Ethnic inequalities in compulsory psychiatric hospital detentions during UK COVID-19 lockdowns: regression discontinuity design in time study
View abstract on PubMed
Summary
This summary is machine-generated.COVID-19 lockdowns worsened ethnic inequalities in psychiatric detentions, particularly for Black Caribbean and Black African individuals. Addressing systemic racism in healthcare and social determinants is crucial for mental health equity.
Area Of Science
- Mental Health Research
- Public Health Policy
- Sociology of Health
Background
- Ethnic inequalities in compulsory psychiatric detentions are a documented issue globally.
- The impact of COVID-19 lockdown measures on these inequalities in the UK was previously unknown.
Purpose Of The Study
- To assess the effect of national COVID-19 lockdown measures on ethnic inequalities in psychiatric hospital admissions.
- To differentiate impacts on voluntary versus compulsory admissions.
Main Methods
- Utilized a regression discontinuity in time design to analyze daily psychiatric admission and detention data.

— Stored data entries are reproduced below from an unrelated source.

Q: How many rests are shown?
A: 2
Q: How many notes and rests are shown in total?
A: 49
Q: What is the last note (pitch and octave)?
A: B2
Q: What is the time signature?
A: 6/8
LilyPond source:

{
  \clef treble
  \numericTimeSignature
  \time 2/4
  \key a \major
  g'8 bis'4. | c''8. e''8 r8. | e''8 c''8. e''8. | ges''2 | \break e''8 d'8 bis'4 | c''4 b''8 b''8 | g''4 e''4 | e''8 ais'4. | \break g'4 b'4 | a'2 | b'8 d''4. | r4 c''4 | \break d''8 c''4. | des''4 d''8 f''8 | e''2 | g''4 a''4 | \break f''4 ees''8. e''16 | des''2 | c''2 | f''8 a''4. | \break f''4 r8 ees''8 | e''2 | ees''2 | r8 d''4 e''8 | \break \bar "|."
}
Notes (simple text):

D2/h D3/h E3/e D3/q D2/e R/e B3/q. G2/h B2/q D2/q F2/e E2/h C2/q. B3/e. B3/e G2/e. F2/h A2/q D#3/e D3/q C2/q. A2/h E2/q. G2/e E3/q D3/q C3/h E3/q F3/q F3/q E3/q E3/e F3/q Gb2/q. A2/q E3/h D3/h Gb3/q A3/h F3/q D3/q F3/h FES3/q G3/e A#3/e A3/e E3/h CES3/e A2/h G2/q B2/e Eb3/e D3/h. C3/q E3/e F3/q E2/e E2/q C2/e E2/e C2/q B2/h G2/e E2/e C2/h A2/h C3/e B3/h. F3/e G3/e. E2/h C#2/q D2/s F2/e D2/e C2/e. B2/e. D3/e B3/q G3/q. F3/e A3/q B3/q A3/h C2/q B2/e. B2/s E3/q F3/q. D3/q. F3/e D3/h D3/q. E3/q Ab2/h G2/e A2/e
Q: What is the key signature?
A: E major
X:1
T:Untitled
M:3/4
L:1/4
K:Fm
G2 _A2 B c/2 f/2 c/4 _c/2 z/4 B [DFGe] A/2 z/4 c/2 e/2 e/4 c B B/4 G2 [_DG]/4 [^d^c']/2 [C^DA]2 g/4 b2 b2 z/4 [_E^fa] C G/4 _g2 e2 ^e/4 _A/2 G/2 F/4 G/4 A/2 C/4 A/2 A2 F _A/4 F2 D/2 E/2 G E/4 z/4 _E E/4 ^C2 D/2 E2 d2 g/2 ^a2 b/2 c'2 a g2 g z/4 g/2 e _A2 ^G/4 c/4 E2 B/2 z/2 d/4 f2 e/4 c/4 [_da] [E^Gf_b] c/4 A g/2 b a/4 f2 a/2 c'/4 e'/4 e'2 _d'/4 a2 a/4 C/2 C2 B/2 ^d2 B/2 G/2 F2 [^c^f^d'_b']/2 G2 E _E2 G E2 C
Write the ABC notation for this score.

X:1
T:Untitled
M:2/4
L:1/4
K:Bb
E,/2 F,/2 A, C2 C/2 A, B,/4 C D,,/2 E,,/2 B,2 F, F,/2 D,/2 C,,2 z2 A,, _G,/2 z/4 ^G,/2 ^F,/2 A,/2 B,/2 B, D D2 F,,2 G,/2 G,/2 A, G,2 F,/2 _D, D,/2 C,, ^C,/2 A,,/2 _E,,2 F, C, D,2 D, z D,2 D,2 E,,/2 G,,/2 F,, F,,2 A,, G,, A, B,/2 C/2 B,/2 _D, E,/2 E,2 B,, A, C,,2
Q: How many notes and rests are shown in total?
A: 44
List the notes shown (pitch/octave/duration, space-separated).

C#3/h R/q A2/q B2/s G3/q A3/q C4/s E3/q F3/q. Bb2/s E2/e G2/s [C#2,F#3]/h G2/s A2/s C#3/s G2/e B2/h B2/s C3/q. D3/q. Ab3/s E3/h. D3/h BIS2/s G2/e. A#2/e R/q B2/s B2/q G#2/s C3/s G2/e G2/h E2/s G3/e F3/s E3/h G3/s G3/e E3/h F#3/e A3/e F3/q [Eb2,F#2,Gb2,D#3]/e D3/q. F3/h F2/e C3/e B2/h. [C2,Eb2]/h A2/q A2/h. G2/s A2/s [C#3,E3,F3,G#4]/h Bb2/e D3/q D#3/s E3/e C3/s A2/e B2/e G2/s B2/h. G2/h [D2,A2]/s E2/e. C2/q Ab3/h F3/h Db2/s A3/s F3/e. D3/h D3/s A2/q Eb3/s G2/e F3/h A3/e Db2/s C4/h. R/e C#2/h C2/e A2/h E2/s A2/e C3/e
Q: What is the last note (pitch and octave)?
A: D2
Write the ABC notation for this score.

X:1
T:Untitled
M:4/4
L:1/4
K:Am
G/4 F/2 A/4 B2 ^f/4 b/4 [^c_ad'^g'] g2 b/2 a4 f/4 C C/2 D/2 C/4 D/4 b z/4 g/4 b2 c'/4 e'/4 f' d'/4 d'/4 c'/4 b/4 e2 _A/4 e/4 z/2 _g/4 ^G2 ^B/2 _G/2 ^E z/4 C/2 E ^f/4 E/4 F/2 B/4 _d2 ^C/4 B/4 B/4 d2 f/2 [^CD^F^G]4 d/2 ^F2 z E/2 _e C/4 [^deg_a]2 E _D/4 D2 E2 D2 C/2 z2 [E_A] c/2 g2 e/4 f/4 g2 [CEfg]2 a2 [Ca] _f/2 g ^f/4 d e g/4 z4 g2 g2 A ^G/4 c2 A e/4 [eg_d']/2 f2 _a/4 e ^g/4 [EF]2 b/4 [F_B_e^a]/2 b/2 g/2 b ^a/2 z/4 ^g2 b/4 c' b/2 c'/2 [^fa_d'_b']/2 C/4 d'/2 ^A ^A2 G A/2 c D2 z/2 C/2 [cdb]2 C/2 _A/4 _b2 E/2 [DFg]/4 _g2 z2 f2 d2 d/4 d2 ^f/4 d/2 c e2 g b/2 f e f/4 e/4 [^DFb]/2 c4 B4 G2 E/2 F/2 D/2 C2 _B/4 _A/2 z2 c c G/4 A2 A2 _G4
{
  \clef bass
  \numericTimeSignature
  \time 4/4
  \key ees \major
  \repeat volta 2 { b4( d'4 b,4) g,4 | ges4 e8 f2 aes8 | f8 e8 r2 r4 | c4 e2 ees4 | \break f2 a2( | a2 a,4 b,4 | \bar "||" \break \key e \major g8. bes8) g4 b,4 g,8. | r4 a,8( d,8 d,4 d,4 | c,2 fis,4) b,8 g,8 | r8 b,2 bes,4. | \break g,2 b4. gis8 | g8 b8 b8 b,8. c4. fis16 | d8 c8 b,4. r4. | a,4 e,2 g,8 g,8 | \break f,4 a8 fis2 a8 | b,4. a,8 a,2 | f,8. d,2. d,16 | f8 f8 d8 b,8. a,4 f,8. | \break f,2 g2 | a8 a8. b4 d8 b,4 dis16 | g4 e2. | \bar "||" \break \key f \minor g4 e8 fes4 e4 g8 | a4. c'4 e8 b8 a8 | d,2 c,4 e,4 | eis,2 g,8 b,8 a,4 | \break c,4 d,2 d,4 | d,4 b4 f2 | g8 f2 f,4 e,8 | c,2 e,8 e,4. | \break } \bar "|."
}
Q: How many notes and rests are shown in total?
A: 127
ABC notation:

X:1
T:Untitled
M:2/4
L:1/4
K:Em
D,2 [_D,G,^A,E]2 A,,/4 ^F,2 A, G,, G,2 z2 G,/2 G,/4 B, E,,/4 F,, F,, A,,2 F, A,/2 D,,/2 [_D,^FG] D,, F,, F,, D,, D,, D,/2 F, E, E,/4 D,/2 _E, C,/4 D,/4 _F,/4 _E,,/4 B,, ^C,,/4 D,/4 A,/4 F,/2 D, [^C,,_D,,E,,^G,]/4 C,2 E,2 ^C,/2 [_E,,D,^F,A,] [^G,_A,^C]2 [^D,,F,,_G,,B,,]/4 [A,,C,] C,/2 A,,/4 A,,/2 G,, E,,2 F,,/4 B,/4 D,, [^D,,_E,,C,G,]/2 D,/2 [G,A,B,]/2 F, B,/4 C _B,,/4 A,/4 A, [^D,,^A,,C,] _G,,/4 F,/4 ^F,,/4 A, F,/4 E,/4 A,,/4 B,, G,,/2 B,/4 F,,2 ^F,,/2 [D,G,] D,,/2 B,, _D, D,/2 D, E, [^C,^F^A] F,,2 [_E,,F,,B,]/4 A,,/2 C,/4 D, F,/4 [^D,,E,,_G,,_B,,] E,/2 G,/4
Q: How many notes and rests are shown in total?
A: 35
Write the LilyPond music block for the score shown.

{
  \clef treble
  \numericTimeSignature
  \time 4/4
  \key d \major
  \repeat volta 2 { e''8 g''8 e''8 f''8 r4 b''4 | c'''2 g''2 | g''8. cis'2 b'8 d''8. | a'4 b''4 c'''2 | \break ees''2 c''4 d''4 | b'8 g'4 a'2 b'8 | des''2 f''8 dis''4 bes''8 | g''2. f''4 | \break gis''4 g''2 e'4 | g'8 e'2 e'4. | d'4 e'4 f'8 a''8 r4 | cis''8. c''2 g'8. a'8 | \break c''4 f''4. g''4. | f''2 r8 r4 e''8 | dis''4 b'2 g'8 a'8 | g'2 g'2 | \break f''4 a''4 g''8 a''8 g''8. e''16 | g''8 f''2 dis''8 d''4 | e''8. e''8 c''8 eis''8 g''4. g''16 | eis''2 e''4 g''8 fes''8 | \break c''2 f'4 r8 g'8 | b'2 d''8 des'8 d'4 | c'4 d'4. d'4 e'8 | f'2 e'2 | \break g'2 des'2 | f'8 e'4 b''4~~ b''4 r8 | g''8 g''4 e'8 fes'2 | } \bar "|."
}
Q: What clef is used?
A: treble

- Compared two COVID-19 lockdown periods (2020-2021) against pre-pandemic data (2016-2019) in South East London.
- Focused on a large population-level sample of secondary mental health service users.
Main Results
- Overall admissions decreased during the first lockdown, while compulsory detentions increased, notably in the Black Caribbean group.
- During the second lockdown, total admissions remained stable, but compulsory detentions rose significantly for Black Caribbean and Black African individuals.
- Incidence rate ratios indicated a substantial rise in compulsory detentions for specific ethnic groups during both lockdown periods compared to pre-pandemic levels.
Conclusions
- COVID-19 lockdown measures exacerbated existing ethnic disparities in compulsory psychiatric detentions.
- Urgent attention is needed to address systemic racism within criminal justice and healthcare systems.
- Tackling wider social and economic determinants of mental health is essential for achieving equity during health emergencies.